In this age of smart phones and telecommuting, it is increasingly common for work to be conducted outside of the office and through the use of personal electronic devices.  Therefore, it is not unreasonable, despite Burrell’s assertion to the contrary, that some relevant information may be found on his personal computer’s hard drive.

The court further reasoned that a protective order and counsel’s review of the results before production would address any concerns regarding privacy.  Accordingly, “having weighed the factors of relevancy, need, and burden” the court found that Plaintiff was entitled to search the non-party’s personal hard drive and that the “proposed search by a forensic expert is a reliable and efficient method to accomplish the search with minimal burden,” but modified the subpoena to clarify that the non-party’s attorney would review the results of the keyword search prior to production.

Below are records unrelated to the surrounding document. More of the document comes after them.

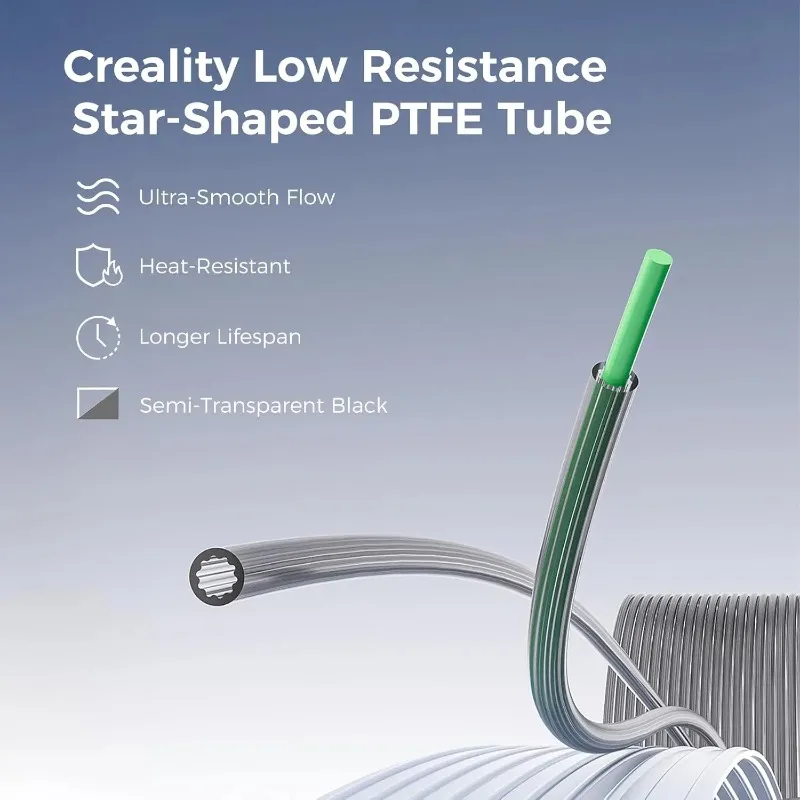 Creality Star‑Shaped PTFE Tube 1M‑5M Low‑Resistance Inner Channel Accessory for Multicolor 3D Printer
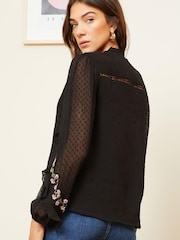 Love & Roses Black Ruffle Trim V Neck Long Sleeve Blouse - Image 3 of 4
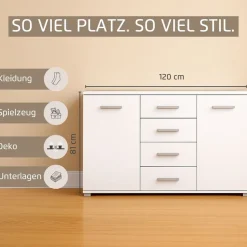 rauch Schubkastenkommode »Sideboard Kommode Kombikommode KOLUNA mit Hochglanzfront« Breite 120 cm mit eleganter Hochglanzfront,vier große Schubladen, mit insgesamt 4 Einlegeböden MADE IN GERMANY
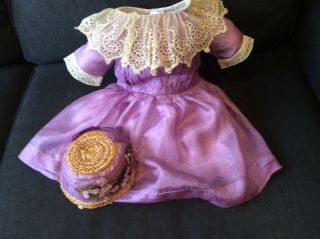 18 " - 19 " Pretty Lavender And Lace Dress/hat.  For Bisque Doll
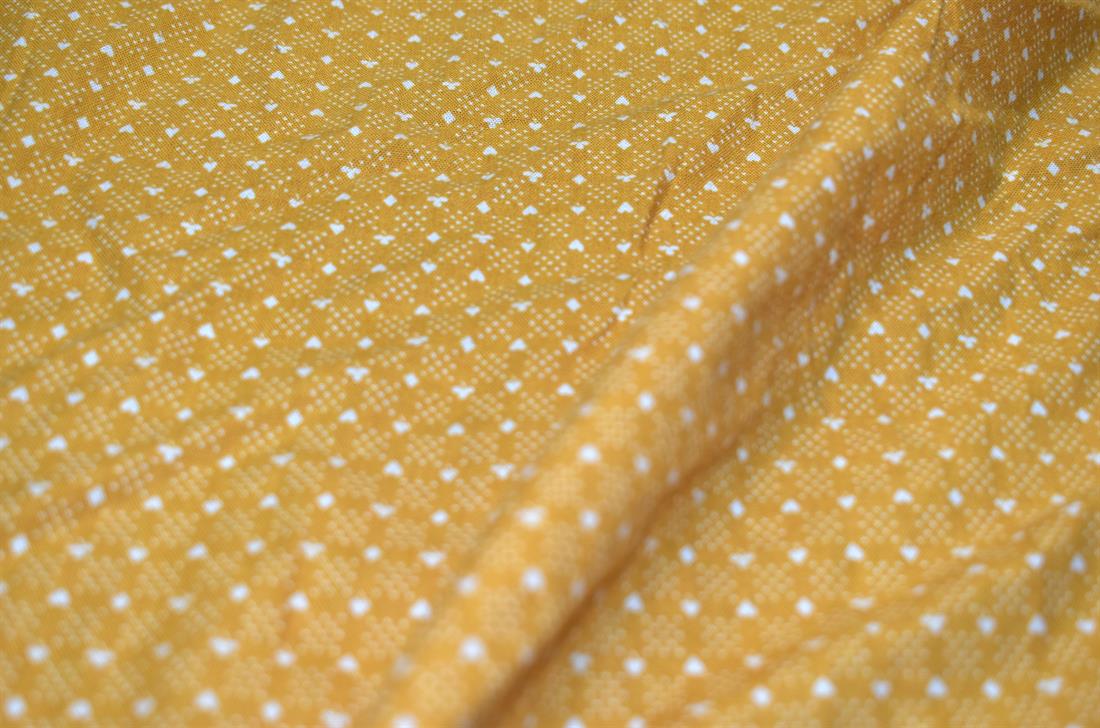 Mustard Printed Polyester Fabric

Interestingly, in response to the non-party’s assurances that he would produce any relevant information on his personal hard drive pursuant to specific requests for production within the subpoena, the court (agreeing with the plaintiff) reasoned that the requests pertained only to “tangible documents” and not to ESI and therefore would not “encompass the information sought by the request to search Burrell’s personal hard drive.”  Among other things, the requests in question sought production of “Any and all letters … recordings, photographs, emails, texts, tweets, posting of any kind or nature, and other documents whether in printed, handwritten or other tangible format relating to the Plaintiff at any time during the period from January 1, 2007, to December 31, 2009[.]” (Emphasis added.)